Obrigados a se retirarem da Gália, os hunos voltaram-se contra a Península Italiana, assaltando, incendiando e destruindo cidades, escravizando e massacrando populações. Chamado de Flagelo de Deus, Átila liderou seus terríveis guerreiros para mais um saque de Roma. Embora sua carroças estivessem carregadas de riquezas pilhadas, a fome e a peste vitimaram os hunos, que renunciaram ao saque de Roma e se comprometeram a retirar-se da península; recebendo, em troca, vultoso tributo pago pelo Papa Leão Magno (452). No ano seguinte, com a morte de Átila, os hunos se dispersaram ao nomadismo pastoril.
Durante o século V, a desagregação do Império Romano prosseguiu, em meio às destruições causadas pela guerra e pela formação dos Reinos Bárbaros. Na própria Itália, os hérulos, chefiados por Odoacro, depuseram o Imperador Rômulo Augústulo, fato que, no entender de diversos historiadores, marcou o início da Idade Média (476).

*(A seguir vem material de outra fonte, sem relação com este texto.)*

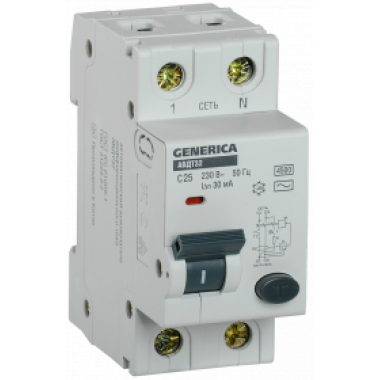 MAD25-5-025-C-30 IEK Автоматический выключатель дифференциального тока АВДТ32 C25 GENERICA
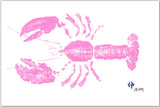 Pink Lobster Placemat featuring Gyotaku lobster artwork by Fishaye Trading Company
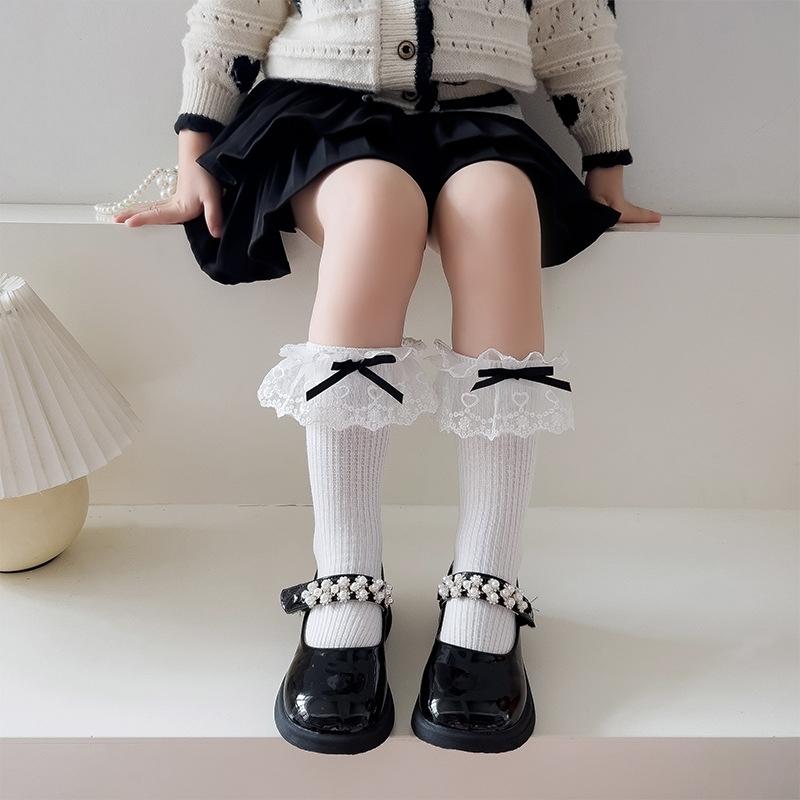 Lolita Princess White Lace Socks Children Spring Autumn Cotton Socks Korean Girl Bow Long Socks Solid Color Kids Knit Stockings
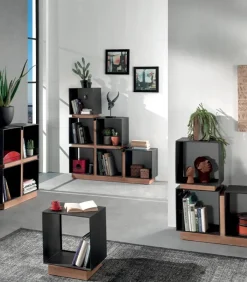 Etagères & Bibliothèques|Cocktail Scandinave Etagère fer laqué noir cube INDUS
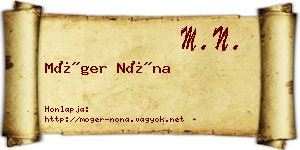 Móger Nóna névjegykártya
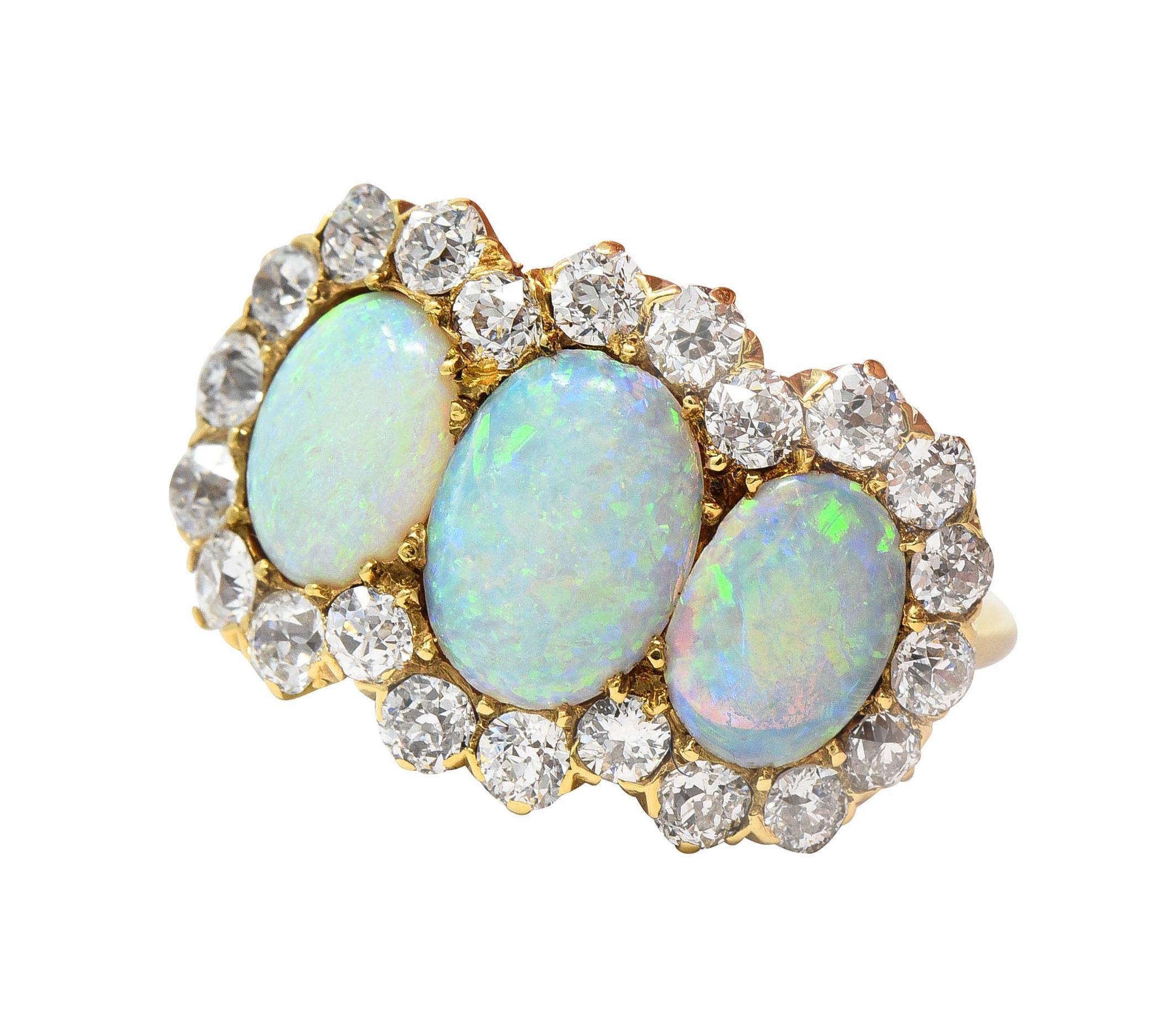 Late Victorian Opal 1.76 CTW Diamond 18 Karat Yellow Gold Antique Halo Ring For Sale 6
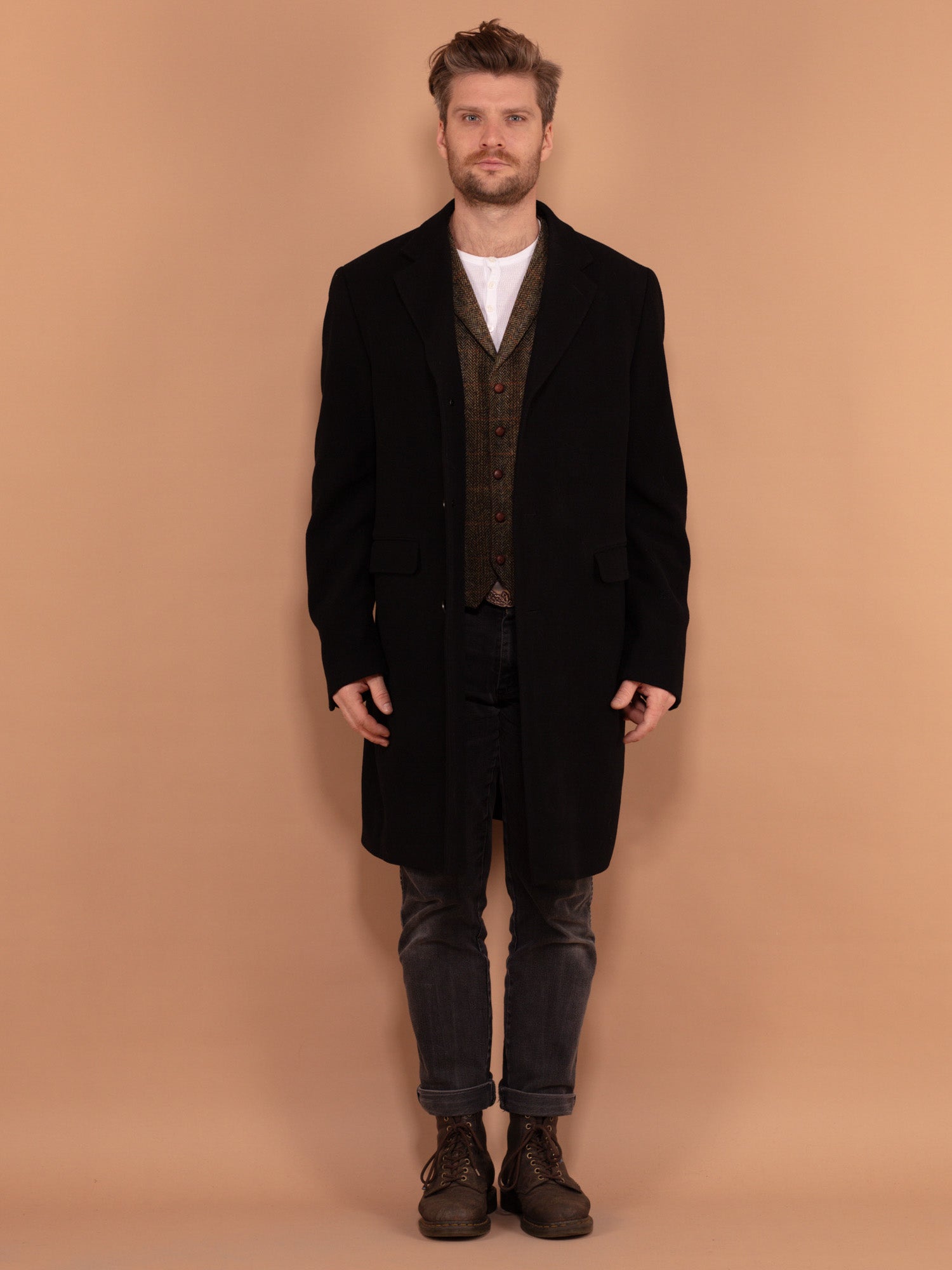 Vintage 00's Men Wool Blend Coat in Black by Northern Grip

Leia o depoimento de Salviano, monge do século V, sobre o fim do Império Romano do Ocidente, atribuindo a queda de Roma a um castigo divino:
"Já que quase todas as nações bárbaras beberam sangue romano e rasgaram nossas entranhas, por que será que nosso Deus entregou o mais poderoso dos Estados e o povo mais rico, que leva nome de romano, ao forte domínio de inimigos, que eram tão fracos? Por quê?
[...] Os acontecimentos provam o julgamento de Deus sobre nós e sobre os godos e os vândalos. Eles aumentam dia a dia; nós descemos cada dia mais. Eles prosperam; nós somos humilhados. Eles florescem; nós fenecemos.
[...] Eu desejaria, se a fraqueza humana permitisse, gritar além de minhas forças, a fim de ser ouvido no mundo inteiro: Ó cidadãos romanos, tende vergonha; tende vergonha de vossas vidas! Poucas cidades estão livres dos antros de perdição, estão totalmente livres de impurezas, exceto as cidades habitadas pelos bárbaros [...] Não é o vigor natural de seus corpos que os capacita a conquistar-nos, nem foi a nossa fraqueza natural a causa de nossa derrota. Que ninguém se convença do contrário. Que ninguém pense de outra maneira. Fomos derrotados, exclusivamente, pelos vícios de nossa vida má."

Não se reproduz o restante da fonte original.